Parameter identification and hybrid mathematical modelling techniques applied to non-linear control systems

The study is concerned with the mathematical modelling and parameter identification of nonlinear motion control systems. The control systems under review are the axis motion control systems for a 3-axis CNC machine tool. The modelling process commences with lumped parameter methods applied to each element and then to each axis in turn. Comparing the dynamic performance of the simulated axis drive with the machine tool axis performance identifies the need for a modular load and the introduction of measured non-linear effects. In order to achieve a realistic dynamic performance, a hybrid model incorporating a distributed load, explicit damping factors and measured non-linear effects was developed. The influence of factors like damping coefficients, the moving mass, velocity and positional gains, time constants of the servo control system on the servo characteristics of machine tool has been determined.

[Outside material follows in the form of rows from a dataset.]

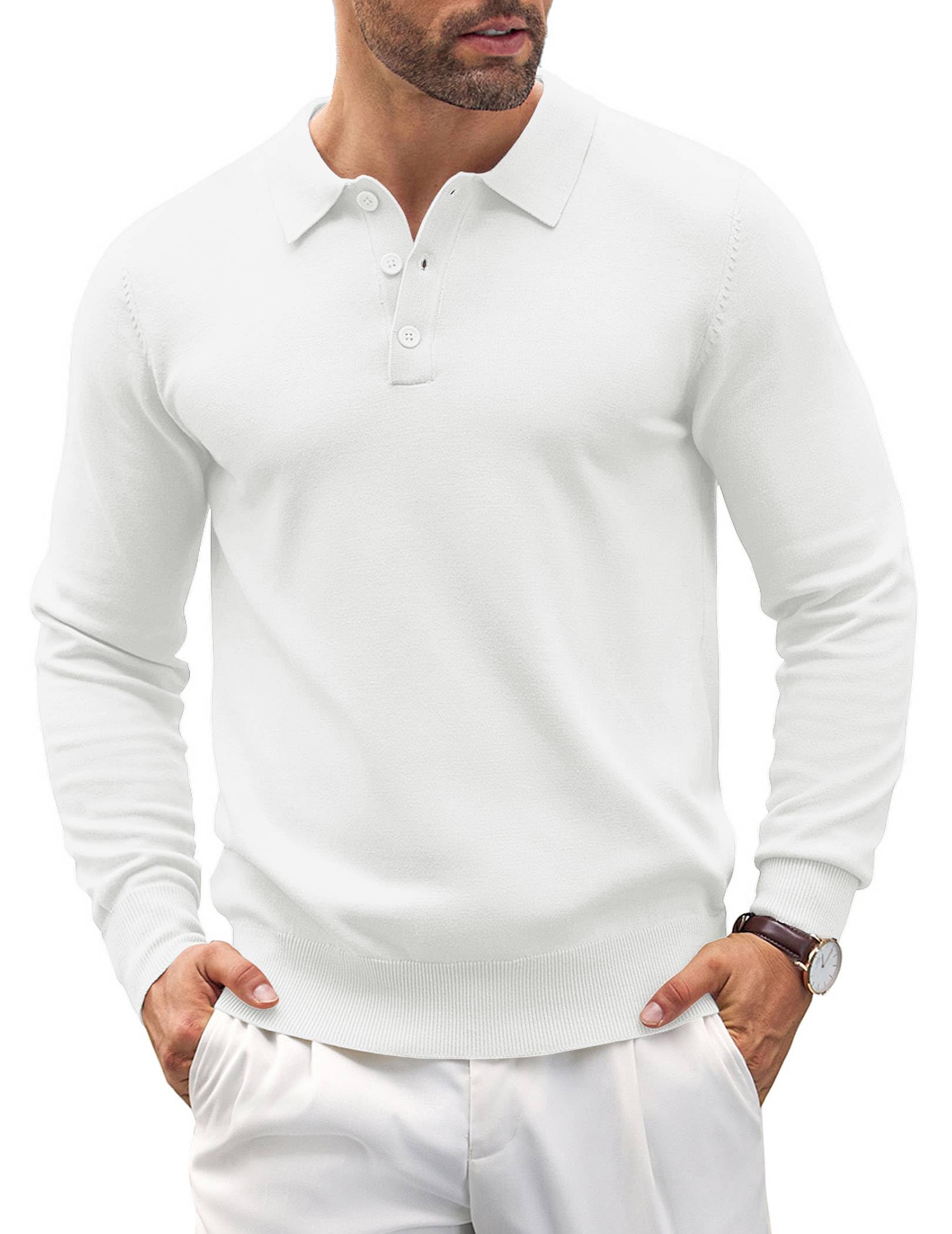 Mens Knit Polo Shirts Casual Long Sleeve Classic Polo Shirts Button Down Golf Shirts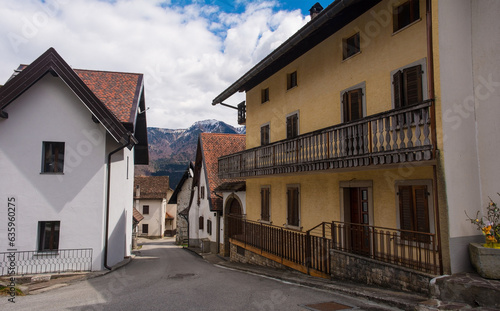 A street in the mountain village of Mione in Carnia, Friuli-Venezia Giulia, north east Italy © dragoncello
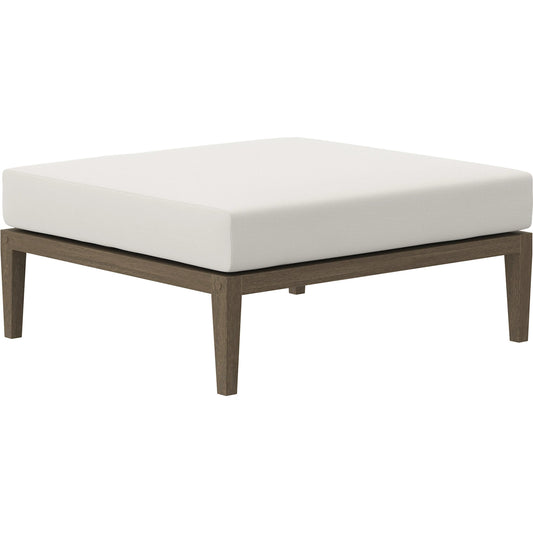 Galt Teak Ottoman by Evans & Londeen in weathered gray white. Made from teak in a transitional style.
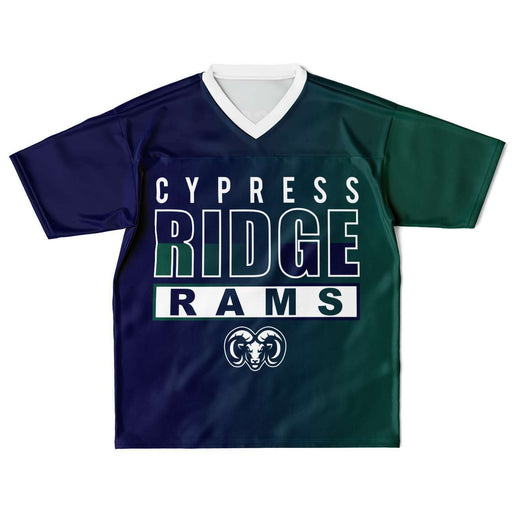 Cypress Ridge Rams football jersey laying flat - front 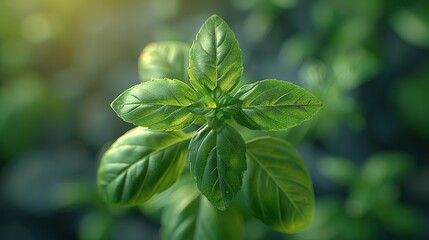 A Close Up of Lush Green Basil Leaves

Different friction models have been investigated and an effective simulation method has been developed for simulation purposes. This model represents to a large extent the dynamic behaviour of the drives from the actual machine, a fact proven by the comparison between the simulated and measured results. For multi-axis control, measured geometric errors at the machine were needed to be included in the model in order to achieve realistic contouring performance. The models were validated by comparison with measurements at the machine. A feature of this work is the developed measurement methods for parameter identification. This together with the definition of the stimuli provides a solid base for a universal identification process for application to non-linear machine tool axis drives. A novel wavelet algorithm for the determination of damping coefficients for CNC machine tools is introduced and this together with other developed parameter adjustment routines allows for the performance to be optimised.